専門家が指摘「紅麹問題」で表出する"重要な視点" 2014年には欧州でサプリによる健康被害の報告
「そもそも紅麹は、日本古来の麹とはまったくの別物です。いわゆる“麹の一種”と勘違いしないでほしい」
こう話すのは、麹の発酵食品を長く研究してきた東京農業大学教授の前橋健二さんだ。
「中国古来の紅麹菌と日本古来の麹菌は、微生物学的な分類が異なるだけでなく、使い方も違う。麹という言葉が独り歩きして、“紅麹=赤い麹”と思われる方もいると思いますが、それは間違いです」
この理由については後ほど詳述するが、まずは小林製薬が製造した機能性表示食品「紅麹コレステヘルプ」で生じた健康被害について振り返る。
最初の症例報告は1月15日
この問題が発覚したのは、3月22日。最初の症例が報告されたのは1月15日で、同社が事案を把握してから公表するまでにおよそ2カ月を要した。

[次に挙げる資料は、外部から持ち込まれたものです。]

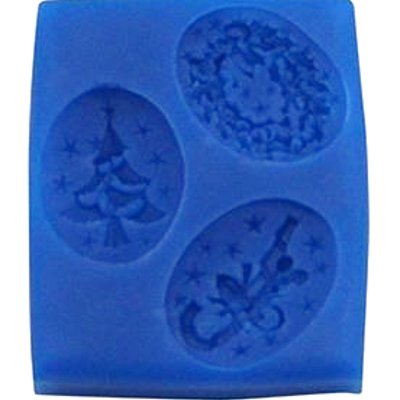 Forma de silicone azul com três desenhos de Natal em relevo
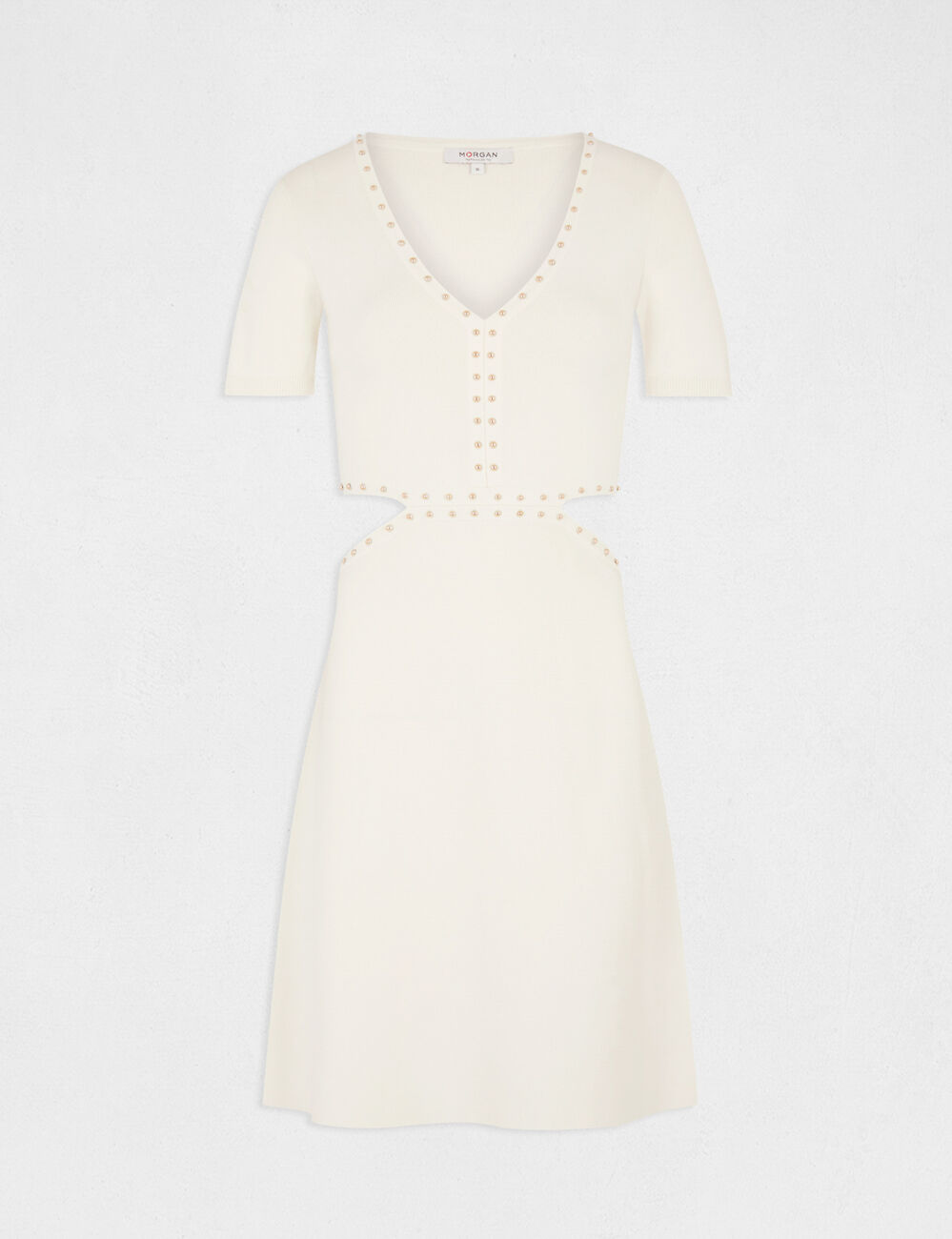 Robe pull ajust&eacute;e &agrave; clous et ouvertures ecru moyen femme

3月26日には同社は、約3年間継続して紅麹の成分を含む健康食品を摂取していたとみられる1人が、腎疾患で2月に死亡していたと発表。さらに厚労省は同日、同社へのヒアリングの結果、別の1人の死亡事例があったことを明らかにした。
そして28日、さらに2人の死亡が明らかになり、亡くなった人は4人となった。
2人目の死因が腎疾患かどうかは確認するとしているが、1人目と同じ健康食品「紅麹コレステヘルプ」を摂っていたと見られている。3人目は「腎疾患を伴って亡くなった」と遺族から連絡があり、4人目も遺族からの連絡があったという。3人目、4人目も「紅麹コレステヘルプ」を利用していた。
同社によれば、「カビ由来の未知の成分」が健康被害の原因の可能性があるものの、いまだ特定できていないとのことで、消費者の間に不安が拡大している。